Clean Energy Group has been active in helping low-income communities and go solar and use energy storages. It recently issued seven grants to help community-based nonprofits and affordable housing developers build organizational capacity to add in solar and energy storage systems.
“The policy and rate changes that are happening right now in California will have a major impact on the state’s solar customers, and it won’t be long before we see these same trends repeat themselves in other leading solar states,” said report co-author Seth Mullendore, a project director at Clean Energy Group. “This new economic analysis is yet another indicator that the future success of solar will increasingly depend on energy storage.”
As California utilities shift their rate structures to include demand costs and time of use charges, while seeking to reduce net-metering, they’re adding costs to consumers and reducing the value of solar power. This will affect those in affordable housing more than others as more of their limited income is focussed on paying for their energy use than those who make more.

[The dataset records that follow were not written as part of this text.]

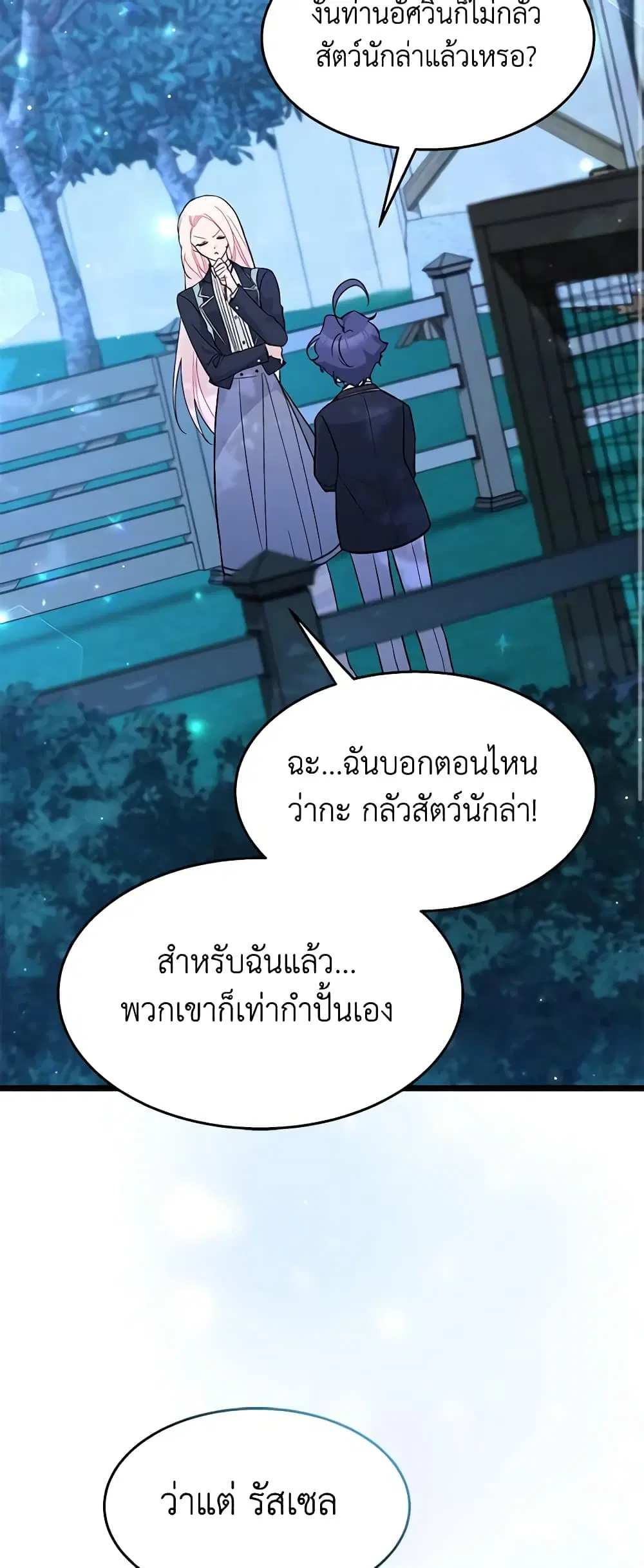 The Symbiotic Relationship Between a Panther and a Rabbit ตอนที่ 129 หน้า 24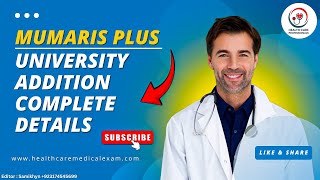 Mumaris Plus University Addition Complete Details || Health Care Professionals #mumarisplus #dha#moh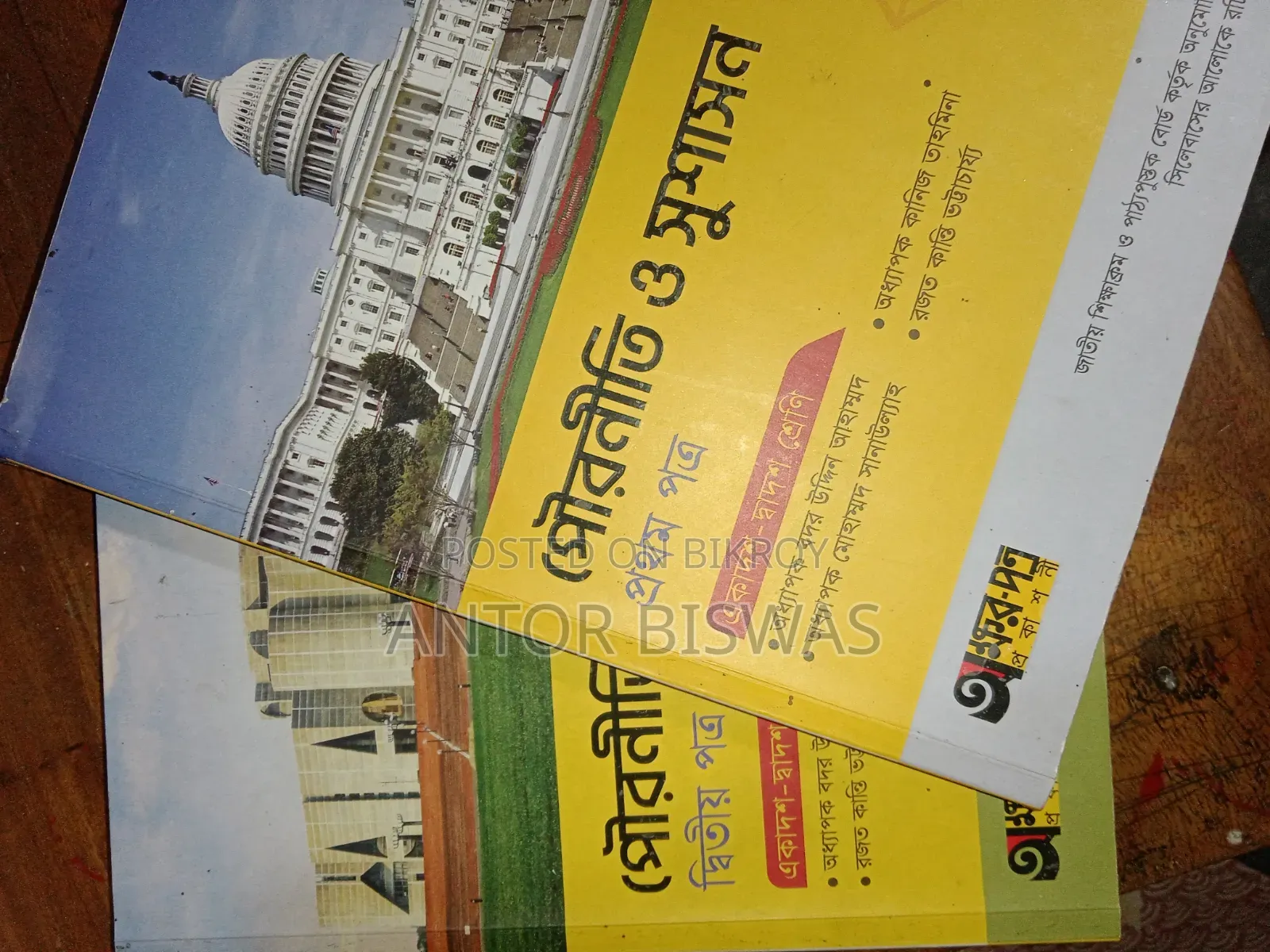 Note Kora, Book for Sell 2025 Edition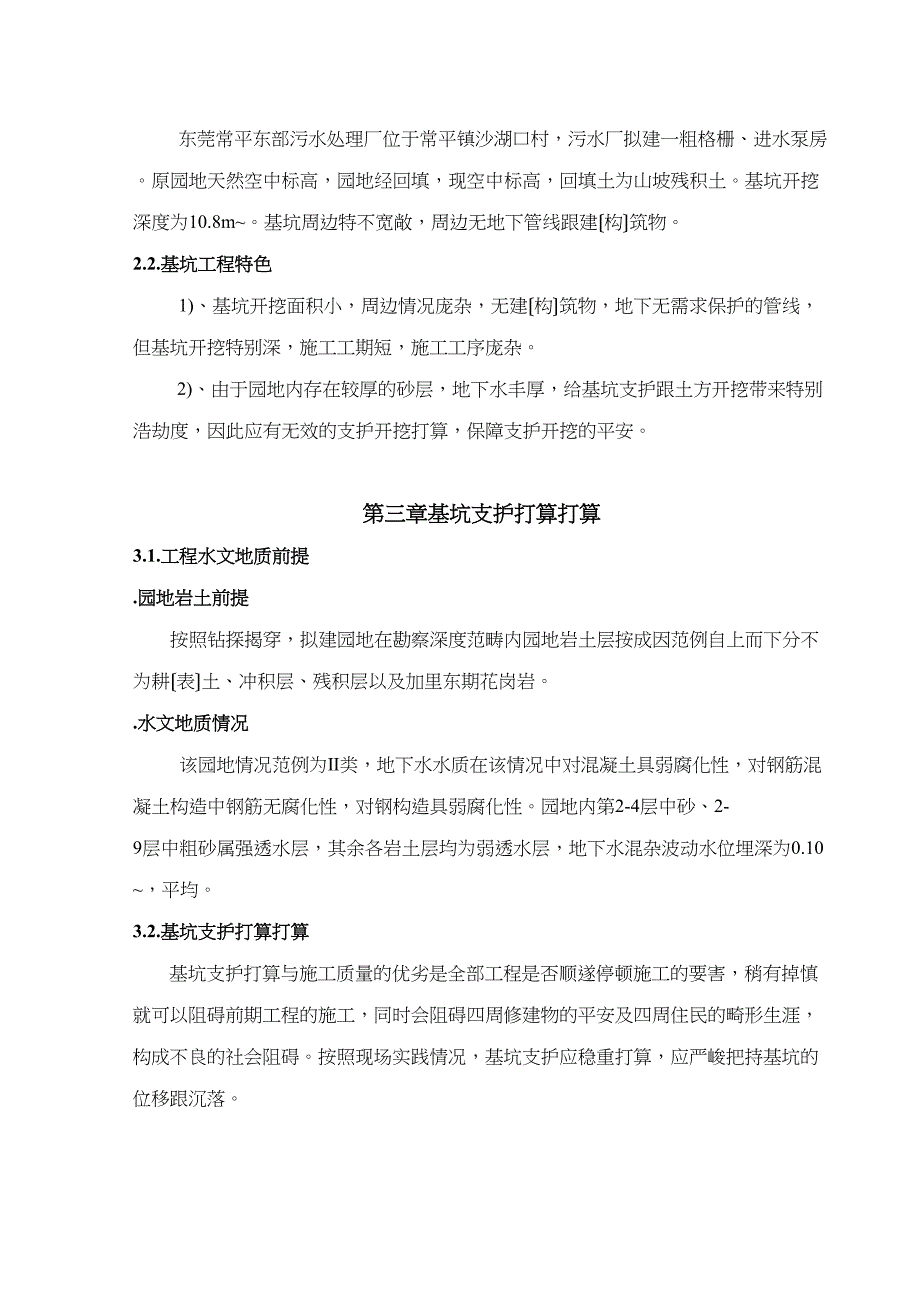 2023年建筑行业深基坑施工组织设计5.docx_第2页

The study comes as California prepares to ramp up support for low-income solar through its Multifamily Affordable Housing Solar Roofs Program. The program could allocate up to $1 billion to develop solar energy systems over the next decade.
“The sheer magnitude of negative impacts that we found should serve as a warning sign for California’s affordable housing sector,” said Wayne Waite, who co-wrote Clean energy Group’s Solar Risk: How Energy Storage Can Preserve Solar Savings in California Affordable Housing. Waite is a program and policy consultant for a nonprofit coalition of California environmental justice and housing advocates. “The proposed policy and rate changes could lead to a significant increase in demand charges along with the devaluation of stand-alone solar due to later time-of-use periods—in short, higher electric bills for solar customers,” he said.
The study found that as such changes are made, effectively managing a building’s electric demand with energy storage could create additional savings allowing its residents to enjoy the savings from solar power that they were previously experiencing. Already, the property’s total energy bill savings could be amplified by energy storage, according to the study. “In a scenario where storage allowed the property to switch utility rate tariffs, the integrated solar-plus-storage system could deliver more than eight times the savings of a solar-only system under the proposed changes,” Clean Energy Group explained.
The organization modeled its study on a 50-unit affordable housing building in San Diego. It used a rate tariff it said would be widely applicable to medium- to larger-sized commercial properties in the region.